---------- AVAILABLE DATA
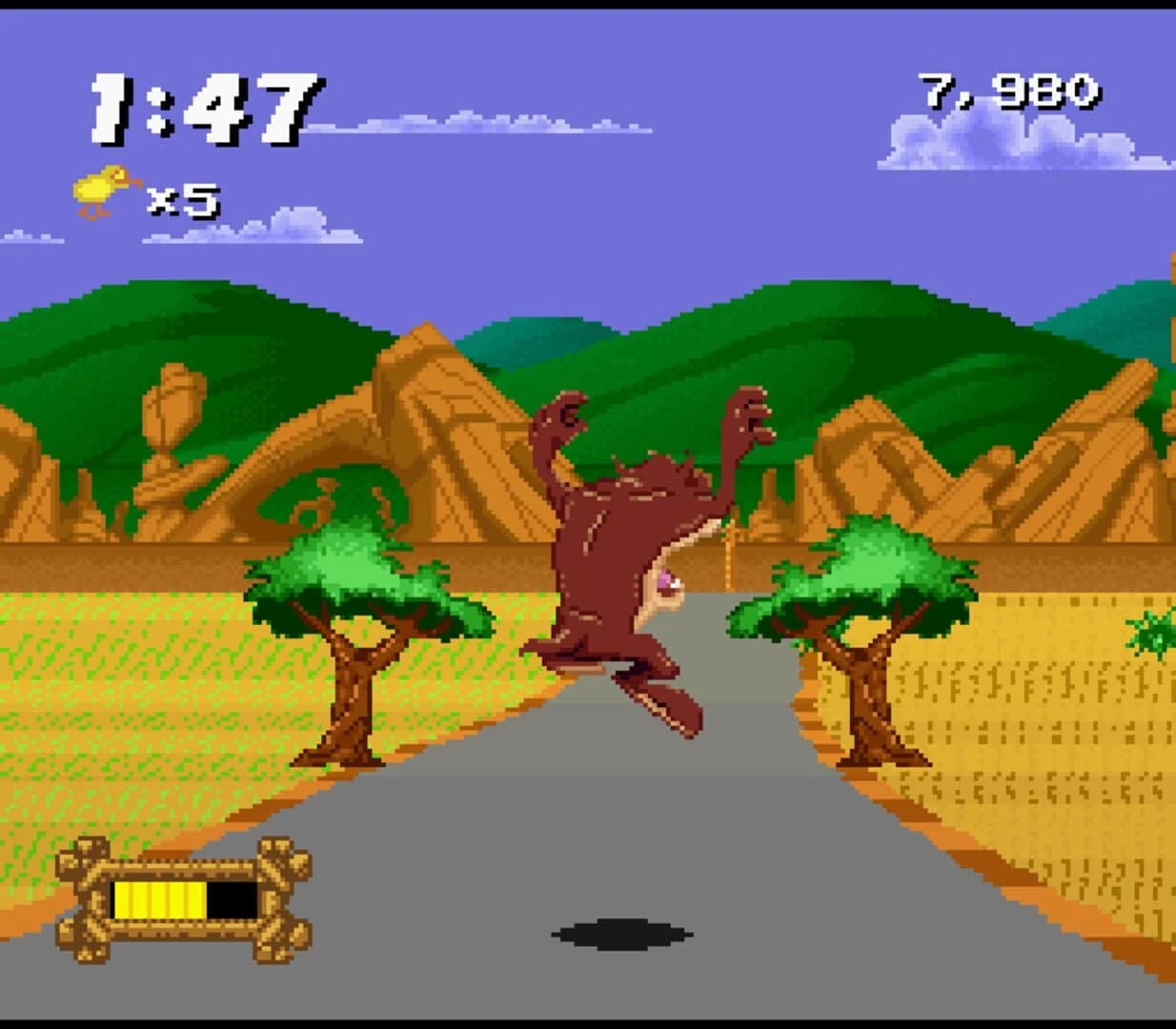 Taz-Mania screenshot 1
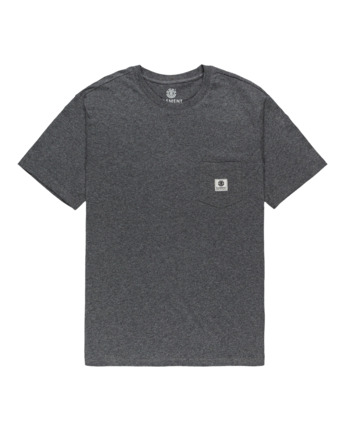 Basic Pocket Label - Short Sleeve T-Shirt  N1SSG3ELP9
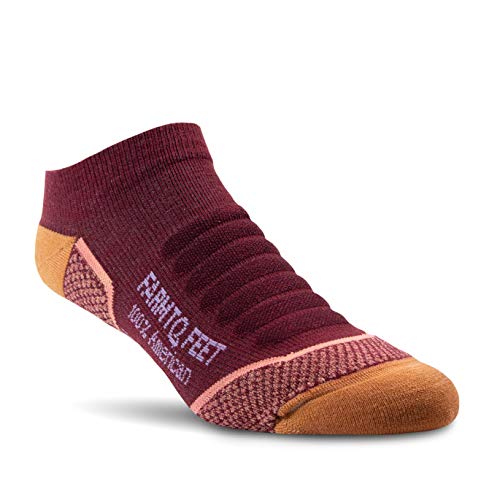 Farm to Feet Damascus Lightweight Technical Low Merino Wool Socks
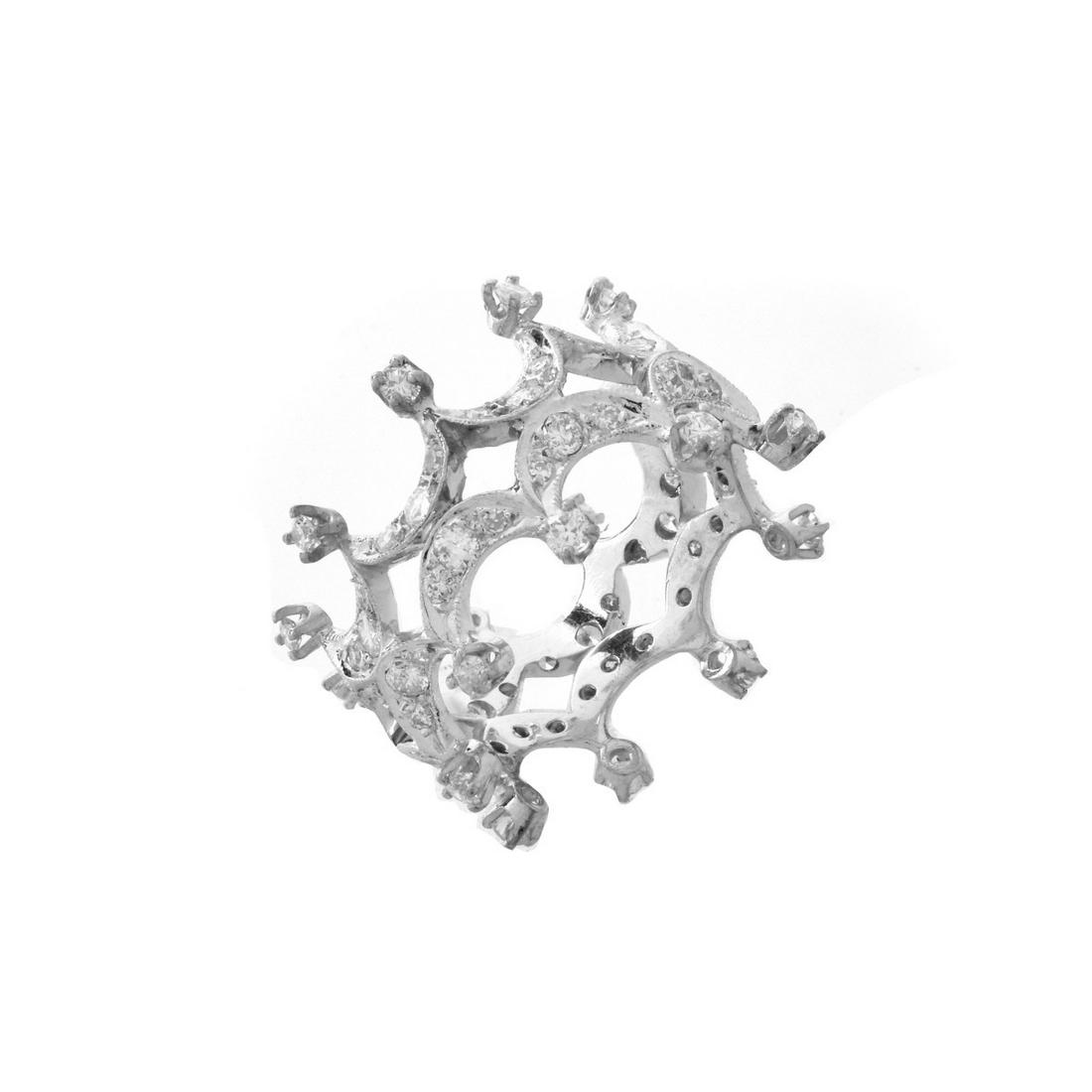 Diamond and 18K Ring (1 of 6)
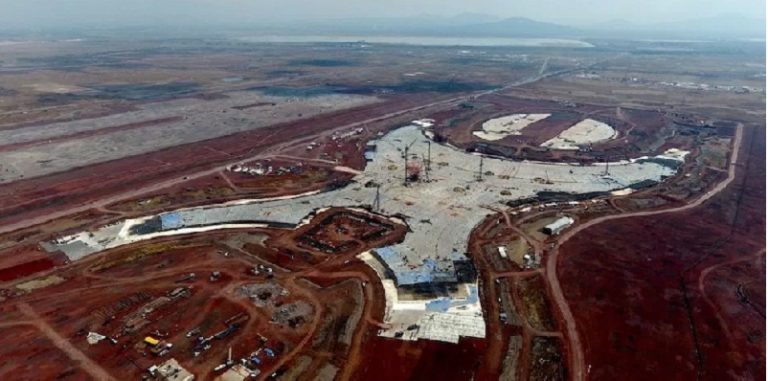 Texcoco, aeropuerto cancelado, será paque ecológico
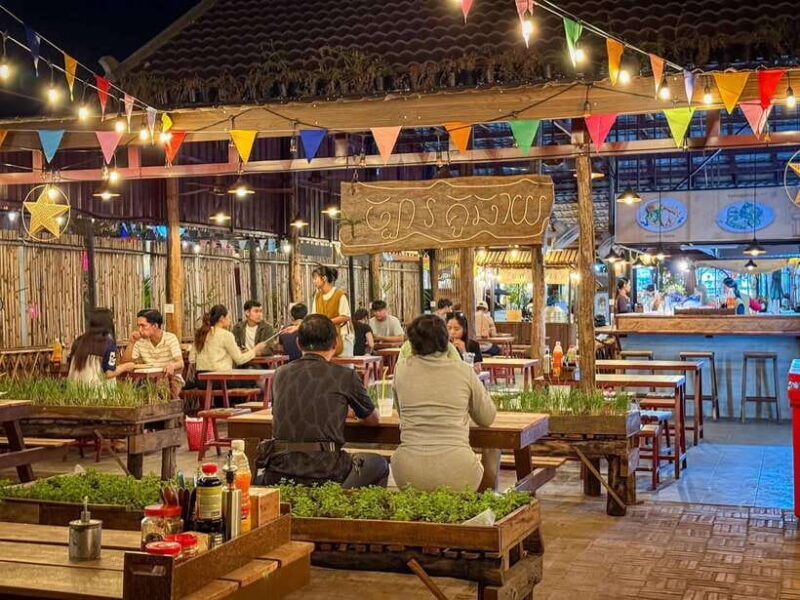 Siem Reap: Street Food Experience by Tuk-Tuk - A Closer Look at the Street Food Tour Experience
--------------------
_REQUIRED WORK_
Print every record exactly, without the pictures.

_RESPONSE AREA_
 Taz-Mania screenshot 1
 Basic Pocket Label - Short Sleeve T-Shirt  N1SSG3ELP9
 Farm to Feet Damascus Lightweight Technical Low Merino Wool Socks
 Diamond and 18K Ring (1 of 6)
 Texcoco, aeropuerto cancelado, será paque ecológico
 Siem Reap: Street Food Experience by Tuk-Tuk - A Closer Look at the Street Food Tour Experience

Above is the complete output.